I'm pretty much an-Taisce-ed out by now but I can't let Backseat Driver Jon's recent comments pass unremarked:
And can we all at least admit that the real problem isn't the destruction of a rural idyll, but rather the difficulty of providing infrastructure and services in a country where settlement is widely dispersed. Let's remember that the builders of one-off houses also want electricity, phones, roads, transport, hospitals, schools and jobs
Err no. This is the An Taisce mantra which is dredged up to support their empty-rural-idyll promotion and bears no relation to reality. Far from extra schools being required, many rural schools face closure because of rural depopulation which is exacerbated by the difficulty of building a new home in the countryside. Most of these houses have on site services, septic tank or treatment systems and wells or group water schemes. Other services such as roads, electricity and telephone are already there. Most of these cases were granted planning permission by the relevant authority on the ground, the local council which is presumably aware of the availability of services. They are then over-ruled by An Bord Pleanala, which is in Dublin, on the recommendation of a Dublin-based organisation, An Taisce whose primary objection is to all these "vulgar" bungalows. An Taisce don't give a stuff about local services and raise groundless fears about these and, well, ground water to support this objection.

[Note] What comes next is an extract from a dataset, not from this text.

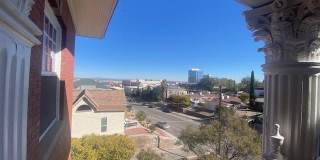 321 W Rio Grande Avenue Gallery 51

Full disclosure: I worked in the planning process for a number of years and the disproportionate power of An Taisce in the planning process was a source of wonder many of my colleagues and I. God knows, in Louth and elsewhere in the country, we can slag off councillors but at least these can be voted out. No such sanction exists for a Georgian ginger group that somehow transmuted into a policy-dictating quango. I really don't like An Taisce.
Posted by: Neil | March 11, 2004 at 08:34 AM
Well said!
I formed my impression of this august organisation while studying architecture in the 1980s. I met quite a few of their key people, and nothing since has disabused me of that impression.